Una hora después de mediodía dos heraldos uniformados con los colores rojo y amarillo de la casa de Aragón, a los que precedían cuatro escuderos, hicieron sonar sus trompetas anunciando a don Pedro, rey de Aragón, de Valencia, de Mallorca, de Córcega y de Cerdeña, conde de Barcelona, Rosellón y Cerdaña y duque de Atenas y Neopatria, y a su esposa, la reina doña Sibila.

Don Pedro apareció tocado con un gran manto de armiño y con la corona real de oro engarzada de esmeraldas, diamantes, perlas, zafiros y rubíes. Su pequeña estatura apenas quedaba disimulada por la propia corona, trazada a propósito para que pareciera más alto, y por unos zapatos cuya suela era una plataforma de cuero rellena de arena que elevaban sus pies cuatro dedos sobre el suelo.

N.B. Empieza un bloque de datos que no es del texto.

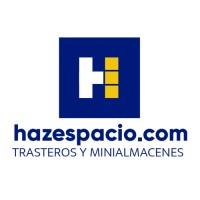 Haz Espacio Self Storage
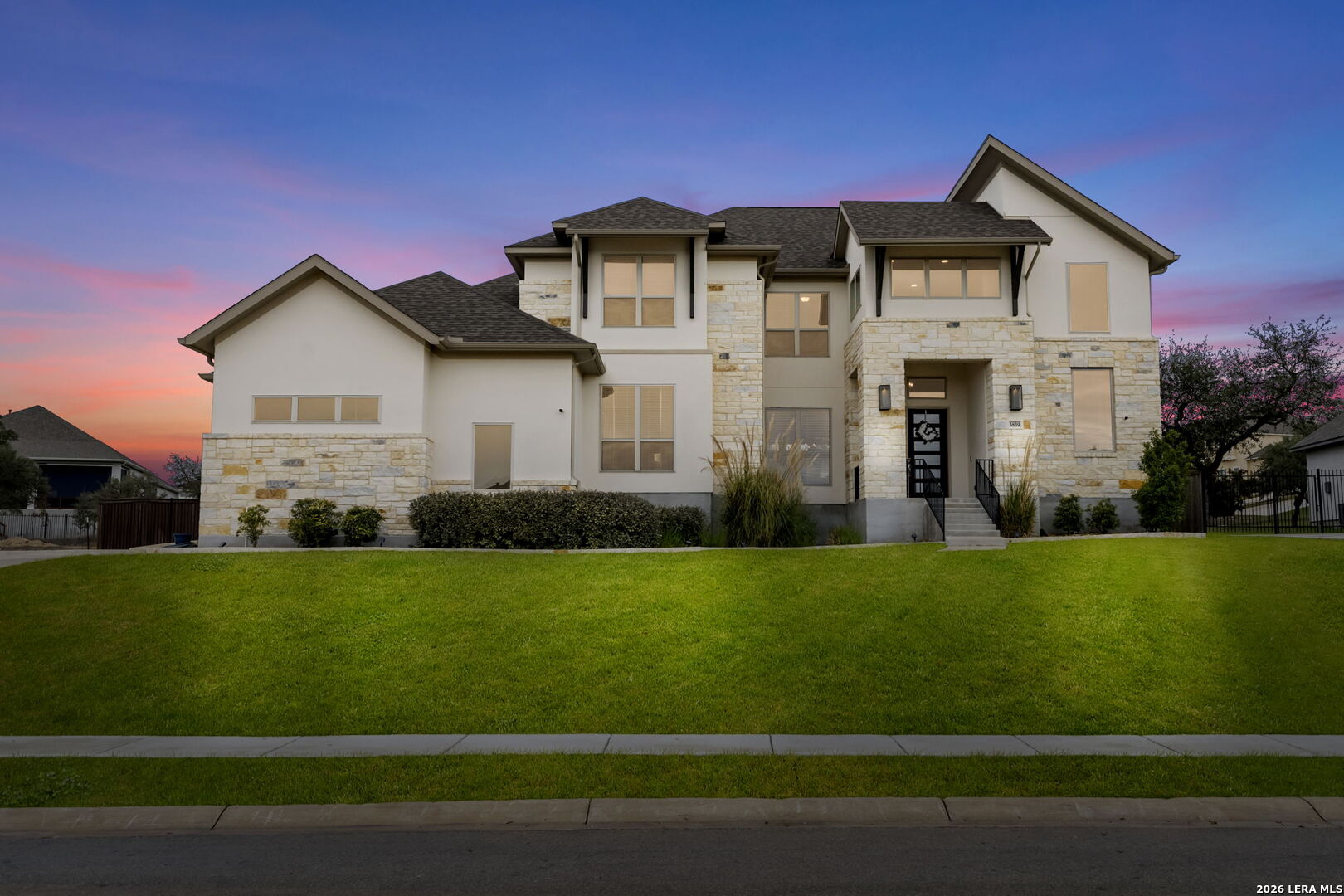 3839 Escalera Pass Bulverde TX 78163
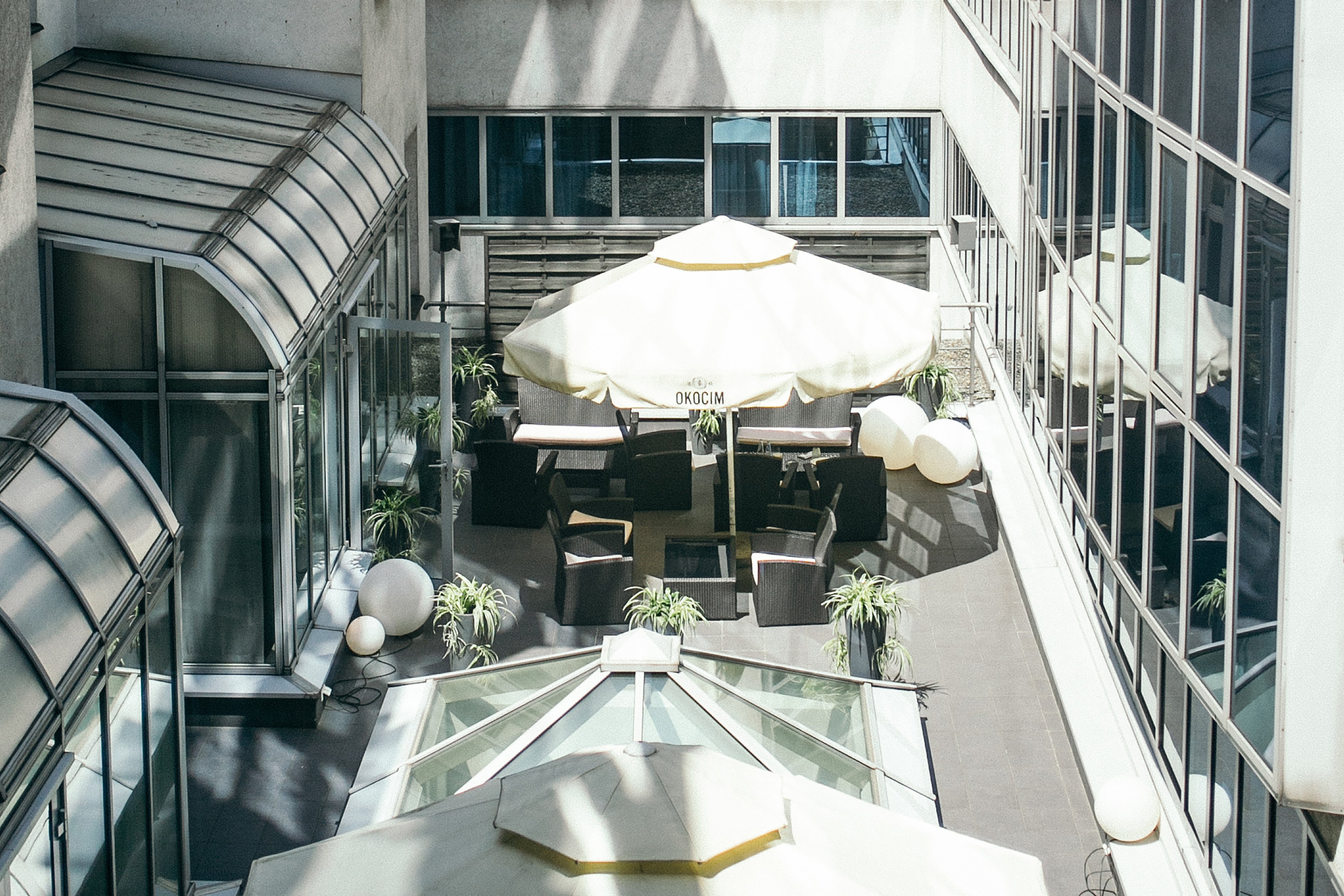 Holiday Inn Krakow City Center 7/82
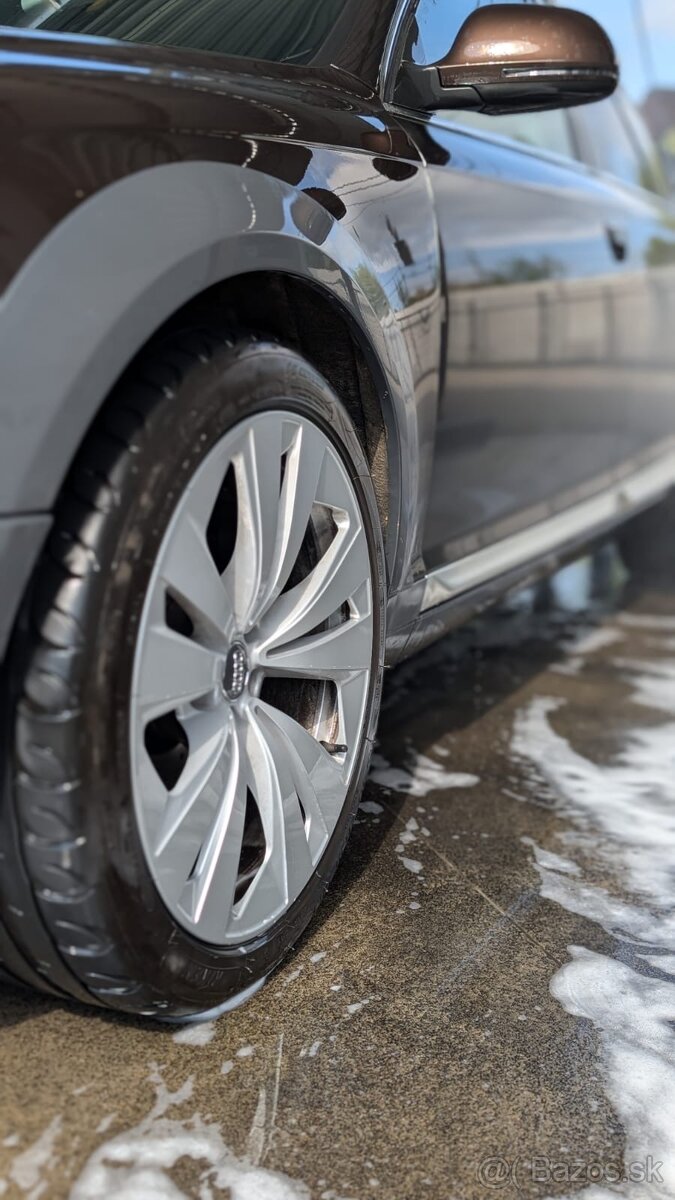 Letné prezutie 5x112 r19 - 3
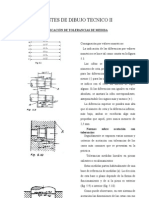 APUNTESDibujo II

Doña Sibila vestía un traje de terciopelo violeta, con brocados en las mangas y en el pecho, sobre su cabeza lucía la corona que recibiera en la catedral de El Salvador de Zaragoza y su cuello estaba enjoyado con varios collares de oro, rubíes, zafiros, perlas y esmeraldas.

Don Pedro saludó a sus dos hijos, a sus dos nueras y a su nieto, pero doña Sibila se dirigió a su sitial sin dignarse a mirarlos, con una altivez tal que no presagiaba nada bueno. El banquete discurrió en un silencio extraño. Había momentos en los que sólo se oía el chocar de los utensilios metálicos en los platos de cerámica blanca y azul de Manises, sobre el fondo de una dulce melodía de laúdes y cítaras. Santa Pau y Jaime de Cabrera procuraban evitar el cruce de sus miradas, aunque en algún momento ninguno de los dos pudo evitar que coincidieran.

En su sitial elevado, el rey don Pedro comía cabizbajo, como si supiera de antemano que sus esfuerzos por lograr la conciliación de sus hijos y de su esposa eran una empresa vana. Sin duda, el rey recordaba su juventud, los malos momentos que atravesó cuando su madrastra doña Leonor de Castilla, casada en segundas nupcias con su padre don Alfonso el Benigno, lo convirtió en juguete de sus caprichos. El muchacho que era entonces don Pedro tuvo que soportar las burlas y vejaciones dé doña Leonor ante la indiferencia de su padre don Alfonso. Ahora, don Pedro presenciaba la misma situación que él padeciera cuando era el príncipe heredero, pero la víctima no era él sino sus propios hijos don Juan y don Martín, y su esposa doña Sibila la madrastra que representaba el papel que casi cincuenta años antes interpretara contra él la reina Leonor. Don Juan y don Martín, que habían oído contar muchas veces la historia de los agravios que doña Leonor infligió a su hijastro don Pedro, no entendían cómo su padre, que había sufrido en sus carnes tan malos tratos, permitía que la misma situación se repitiera en sus propios hijos. Probablemente los dos infantes no estaban en condiciones de entenderlo, pero Jerónimo de Santa Pau sí. El notario real había aprendido en sus carnes que el amor ciego obnubila de tal manera que el enamorado no es capaz de percibir lo obvio a un palmo de su narices. Don Pedro estaba tan enamorado de Sibila que sus ojos no veían sino por los de su bella esposa. Santa Pau sabía que sería inútil intentar convencer al rey de cualquier cosa que supusiera una afrenta o una simple molestia para la reina.